902

Case No. 13,222.

SPEAR v. ABBOTT et al.1

Circuit Court, District of Columbia.

Sept. 21, 1859.

PATENTS—PRACTICE—RULES FOR TAKING TESTIMONY—COMMISSIONER.

[1. The rule which requires a party to examine all his witnesses in chief before closing Ms opening examination only applies in a common-law tribunal in jury causes. It is not applicable in an interference ease before the commissioner of patents.]

[2. The power to make regulations for the taking of testimony in contested cases in the patent office is expressly conferred on the commissioner (Act March 3, 1839, § 12; 5 Stat. 355), and is not subject to any control or revision on appeal.]

[3. Priority of invention of a combination of features to produce gas-burning stoves awarded to Abbott and Lawrence.]

[Appeal by James Spear from decision of the commissioner of patents on an interference declared, awarding to J. G. Abbott and A. Lawrence a patent as prior inventors of a certain combination of features to produce gas-burning stoves.]

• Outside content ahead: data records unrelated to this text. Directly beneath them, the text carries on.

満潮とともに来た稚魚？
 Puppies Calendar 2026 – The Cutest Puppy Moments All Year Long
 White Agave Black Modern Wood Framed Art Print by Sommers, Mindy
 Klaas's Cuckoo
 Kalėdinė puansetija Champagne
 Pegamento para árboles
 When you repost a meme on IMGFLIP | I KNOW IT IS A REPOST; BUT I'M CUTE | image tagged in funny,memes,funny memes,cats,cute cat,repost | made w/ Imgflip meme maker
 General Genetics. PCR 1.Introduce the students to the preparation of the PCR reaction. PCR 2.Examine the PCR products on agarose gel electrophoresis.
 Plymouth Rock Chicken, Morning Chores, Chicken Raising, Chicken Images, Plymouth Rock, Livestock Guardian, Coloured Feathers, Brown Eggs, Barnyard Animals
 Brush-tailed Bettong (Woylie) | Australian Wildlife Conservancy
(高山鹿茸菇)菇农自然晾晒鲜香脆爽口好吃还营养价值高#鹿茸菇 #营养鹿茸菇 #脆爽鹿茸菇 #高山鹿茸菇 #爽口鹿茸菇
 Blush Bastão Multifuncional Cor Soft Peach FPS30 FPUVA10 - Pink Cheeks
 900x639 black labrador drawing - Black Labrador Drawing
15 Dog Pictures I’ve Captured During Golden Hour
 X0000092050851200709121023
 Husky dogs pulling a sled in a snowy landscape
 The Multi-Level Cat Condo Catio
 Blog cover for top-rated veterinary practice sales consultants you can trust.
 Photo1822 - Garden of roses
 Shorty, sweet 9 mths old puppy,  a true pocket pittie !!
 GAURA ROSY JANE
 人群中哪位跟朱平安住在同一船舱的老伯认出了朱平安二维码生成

DUNLOP, Chief Judge. The specifications and claims of the parties litigant in this case, with the drawings filed in the office, show the inventions claimed by appellant and appellees to be substantially the same, and the question to be decided is, who was the prior inventor? If the testimony of Bell and Lawrence was legally taken, and properly before the commissioner, and before me on appeal, there can be no doubt the appellees have established their priority, as inventors. It has accordingly been earnestly maintained by the counsel for Spear that the depositions of these witnesses must be excluded. He invokes the protection of the rule of practice in the courts of England and this country in the trial of common-law causes before a jury, which requires a party to examine all his witnesses in chief before he closes his opening examination, and forbids afterwards the introduction of any other than rebutting proof. This rule in jury trials produces order and method and expedition in the transaction of business, and promotes fairness and prevents fraud in the conduct of common-law causes. It makes a party show his hand to his adversary, prevents his splitting up his proof and retaining part for reply, and defeats the fraudulent purpose, if such exists, to make evidence to overcome and fit the defense. But the rule has no application in equity, or admiralty, or in any other than a common-law tribunal, in jury causes.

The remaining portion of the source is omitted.